> **Material for this task**
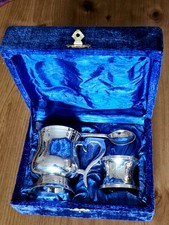 Vintage Silver-plated Christening set with Tankard, Spoon & Napkin Ring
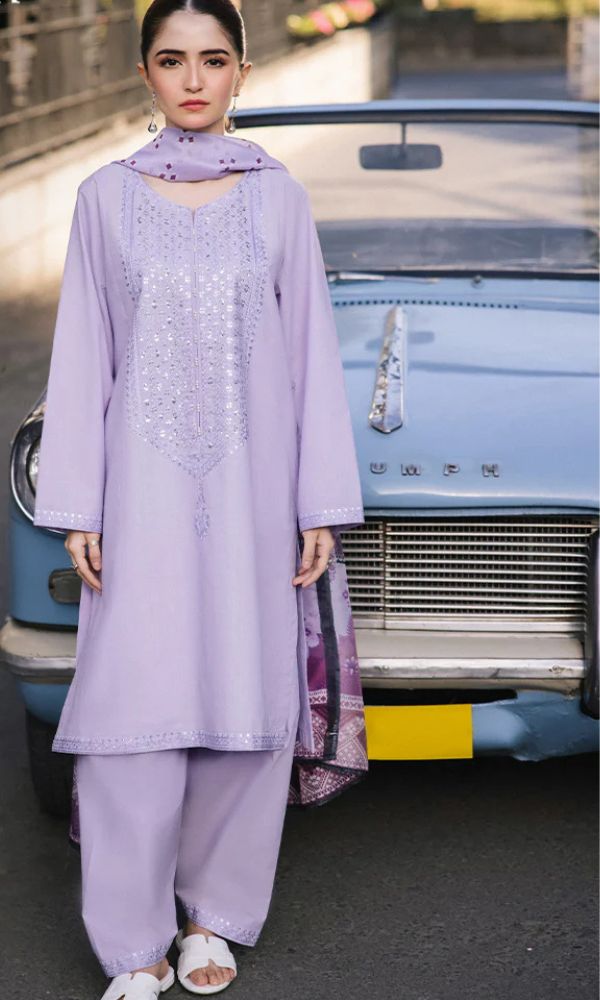Lawn 3pc unstitched embroidered suit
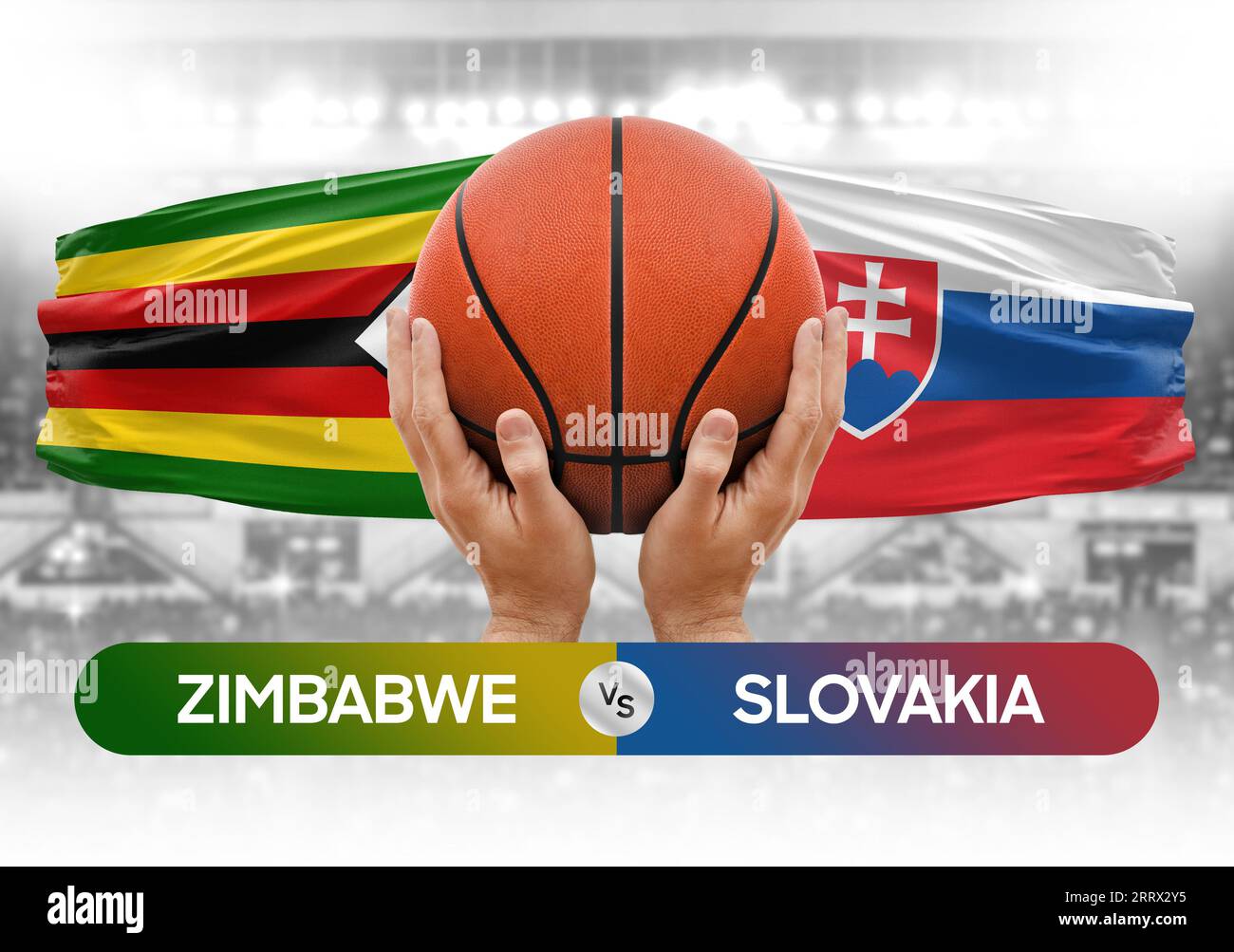 Image conceptuelle de la coupe de compétition de basket-ball des équipes nationales de basket-ball du Zimbabwe vs Slovaquie Banque D'Images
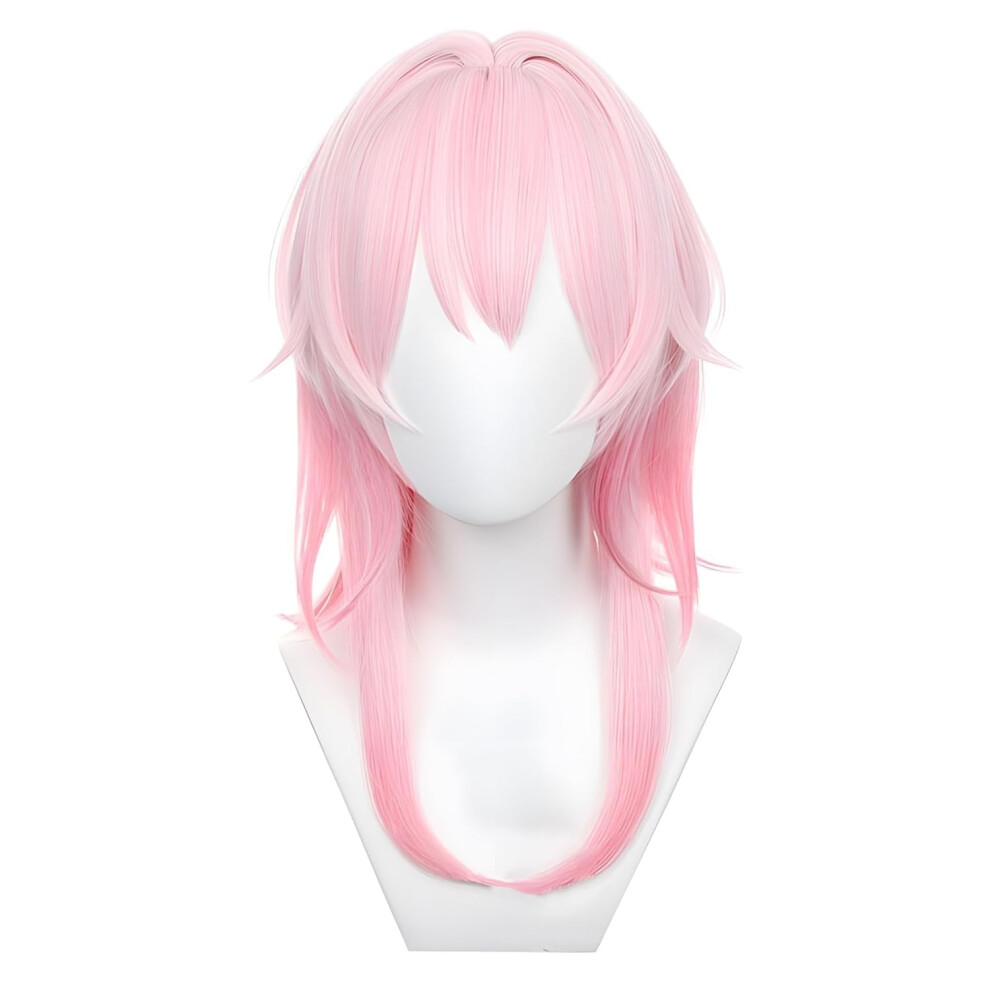 Cosplay Wig Heat Resistant Fiber with Adjustable Cap for Honkai Star Rail March 7th Costume Party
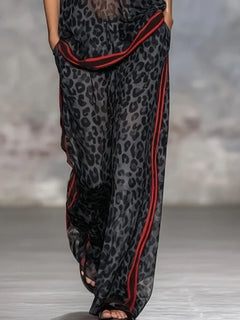 Summer Casual Outfits Female Leopard Print Stripe Contrast Color Two Piece Set for Women Short Sleeve Top & Wide Leg Pants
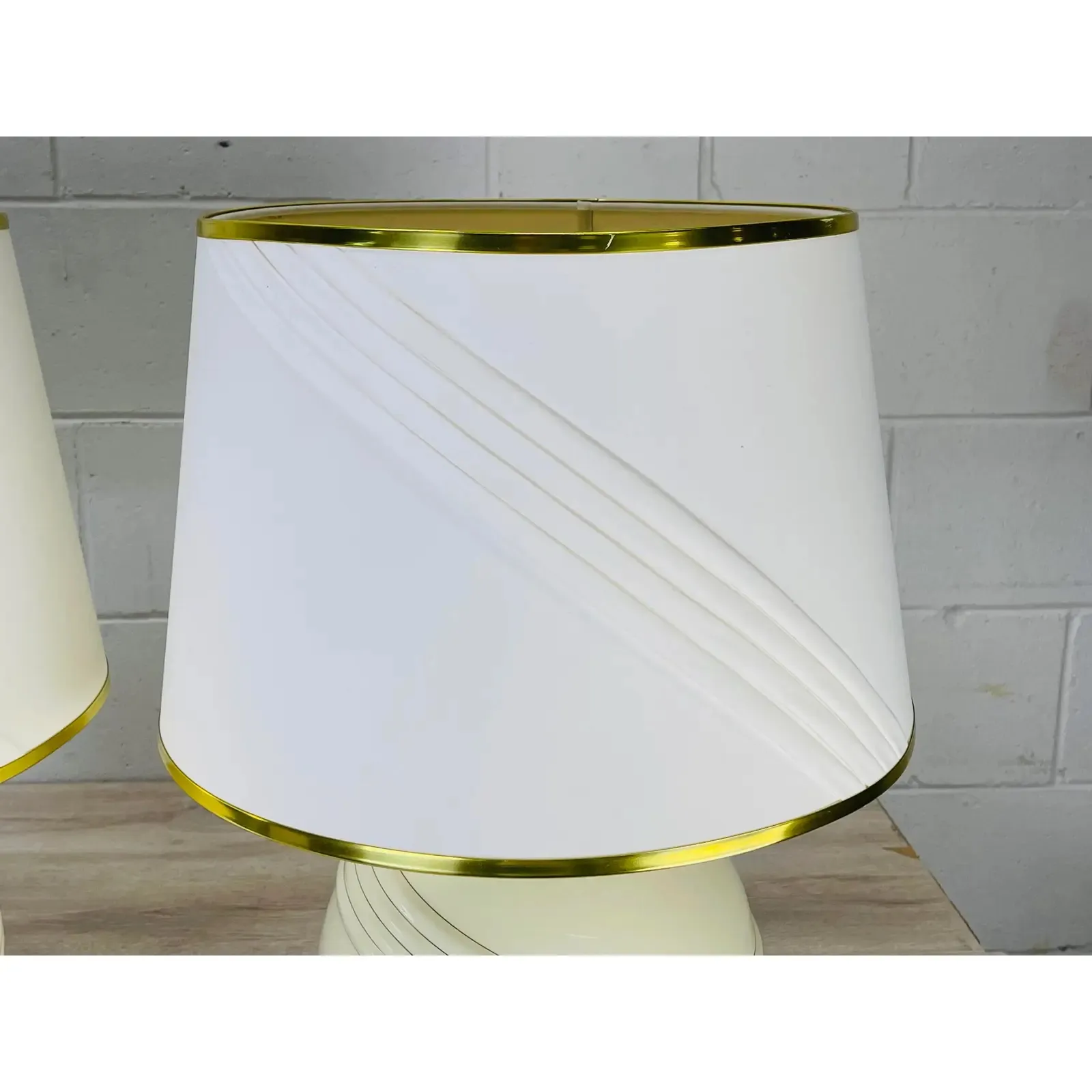 Cream & Gold Round Table Lamps - Set of 2 - 2-b-Modern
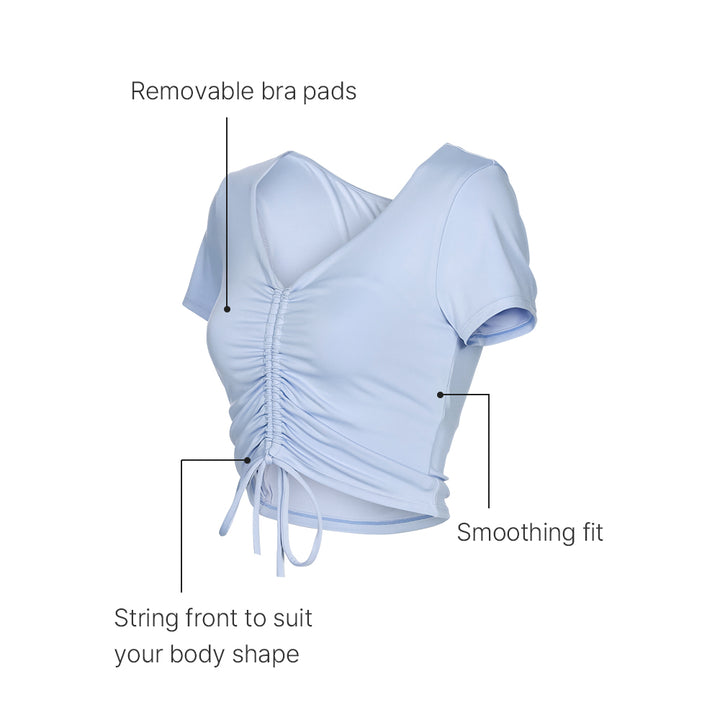 Be-Free Drawstring Cropped Short Sleeve (with Pads)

> **Work order**
Write out the line that contains "Cream & Gold" and every line after it to the end of the data, exactly as they stand. Omit the pictures.

> **Response to this exercise**
 Cream & Gold Round Table Lamps - Set of 2 - 2-b-Modern
 Be-Free Drawstring Cropped Short Sleeve (with Pads)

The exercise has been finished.